İÜ Su Bilimleri Fakültesi Öğretim Üyesi Prof. Dr. Nuray Erkan, kokunun tazeliği belirlemede ayırt edici olduğuna değinirken, 'Deniz mahsullerinin sunumu sırasında buzla örtülü olarak satışa sunulması kalitesinin korunmasında önemlidir. Evde balık hazırlarken porsiyonluk balık tüketimine dikkat edilmelidir. Dikkat etmediğimiz veya gözümüzden kaçırabileceğimiz bazı unsurlar nedeniyle hızla kalite kaybı olabileceği için tüketeceğimiz kadar balık alınması gereklidir.' diye konuştu.

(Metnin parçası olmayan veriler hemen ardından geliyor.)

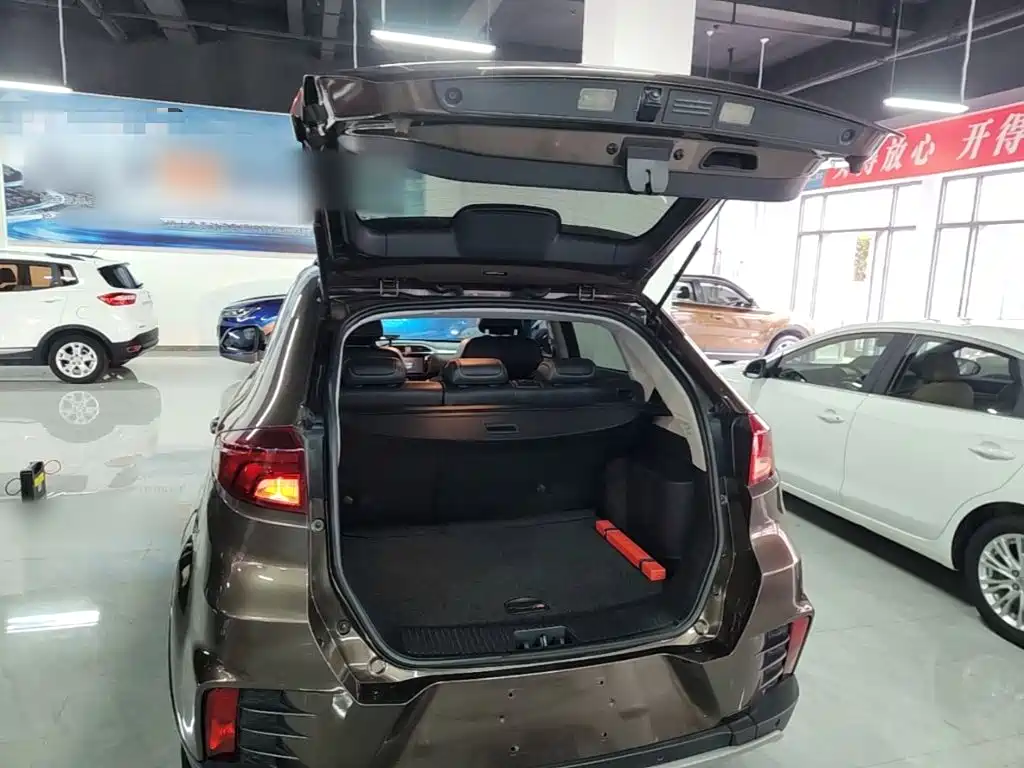 MG MG GS — миниатюра 19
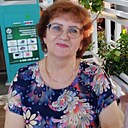 Знакомства: Ludmila, 61 год, Санкт-Петербург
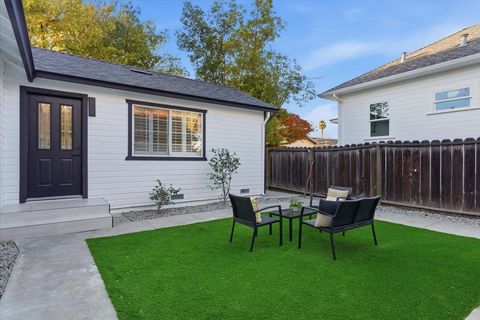 Tiny photo for 1344 Jackson Street, SANTA CLARA, CA 95050 (MLS # ML82028839)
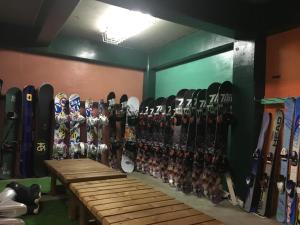 Mynd úr myndasafni af Hotel Tae Windsor í Myoko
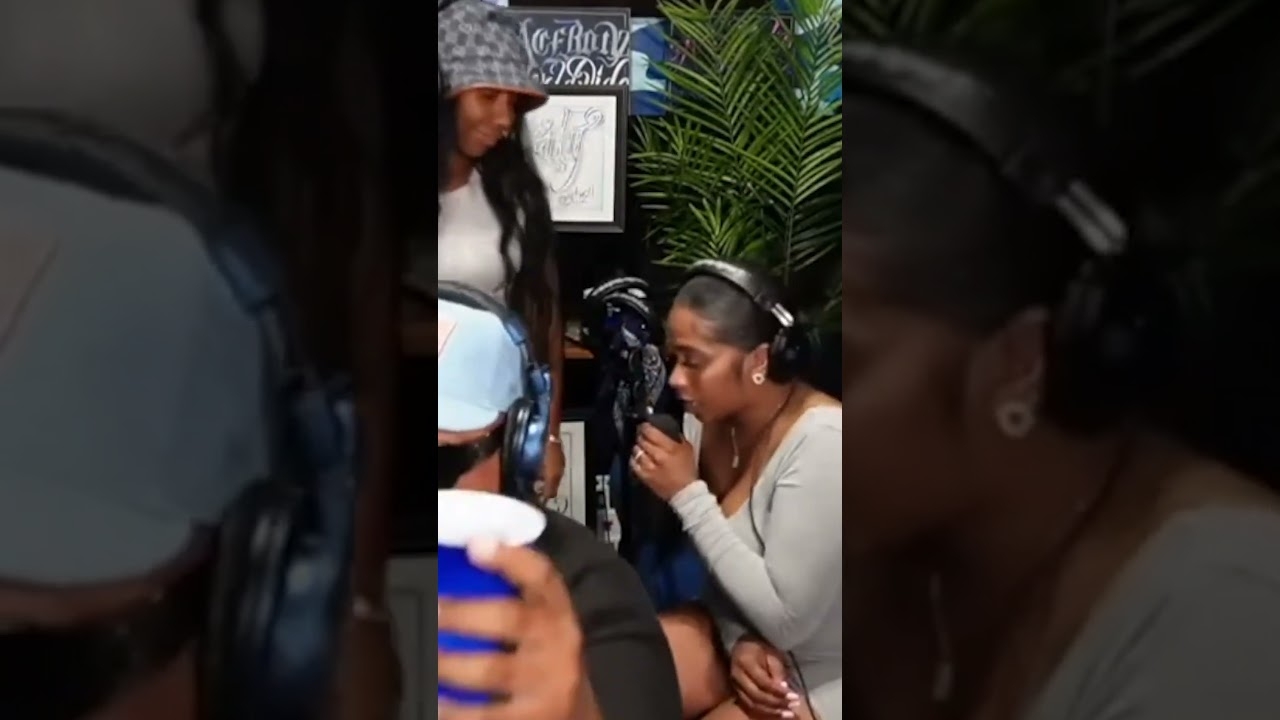 You Paying To See This Performance?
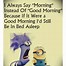 Image result for Funny Minion Tuesday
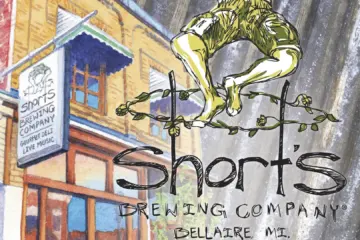 Sbc Breweryofmonth 1 2 for Pizzeria Serio Hosts Short's Brewery Takeover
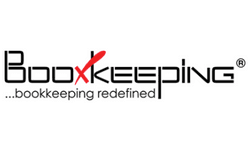BooXkeeping Logo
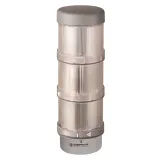 WERMA_64900101_COMPLETE UNIT GR/R/YL LED 2STACK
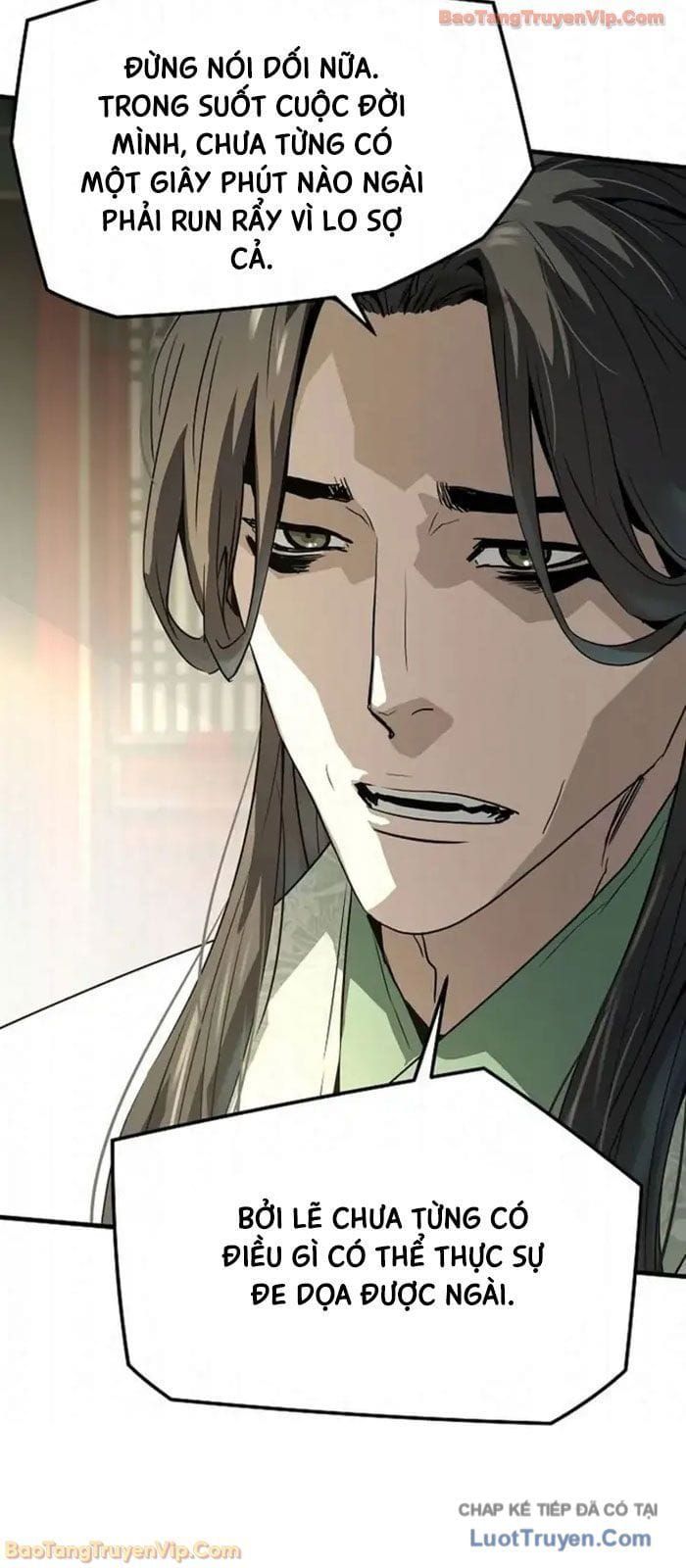 Tuyệt Thế Hồi Quy [Chap 85]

'Kovid-19'la mücadelede hastalıktan korunma esas'
Erkan, Kovid-19 pandemisiyle sağlıklı ve dengeli beslenme, bağışıklığın korunması ve yükseltilmesi konusunda farkındalık oluştuğunu belirterek, şu önerileri sıraladı:

'Kovid-19'la mücadelede hastalıktan korunma esastır. Hazır preparatlarla kulaktan duyma bilgilerle gerek vitamin, mineral takviyeleri gerekse omega-3 takviyelerinin alınması sanıldığının aksine bünyenin direncini artırmamaktadır. Normal dönemde olduğu gibi pandemi döneminde de bağışıklığı koruyucu ve yükseltici bileşenlerin doğal yollarla alınması önemlidir. Pandemi döneminde bağışıklığı güçlendirmek için haftada en az 1-2 porsiyon balık tüketilmesi faydalı olacaktır. Sularımızda avlanan hamsi, istavrit, palamut, lüfer gibi deniz balıklarımız ve oldukça kontrollü koşullarda güvenle kültürü yapılan çipura, levrek ve alabalık gibi balıkları, sağlıklı beslenme için büyük nimettir. Bağışıklık koruma ve yükseltilmesinde özellikle tavsiye edilen bir kültür balığı olan Norveç somonu ile eş değerde olan sularımızın balıklarının tüketimi bu dönemde önem taşımaktadır.'

​​​​​​​Erkan, balığın, süt ürünlerinin balık ve deniz mahsulleriyle tüketiminde sakınca olmadığını dile getirerek, 'Bu ürünler hijyenik koşullarda gıda güvenliği anlayışıyla üretilmiş ve hazırlanmalıdır. Herhangi birinde düşük kalite veya hastalık yapıcı mikroorganizma bulaşması söz konusu ise gıda zehirlenmesi görülebilir. Bunun için yüksek kaliteli taze ürünlerin alımı tercih edilmeli, hijyenik koşullarda hazırlanmalı veya temizliğinden emin olduğunuz lokanta ve restoranlarda tüketilmeli.' dedi.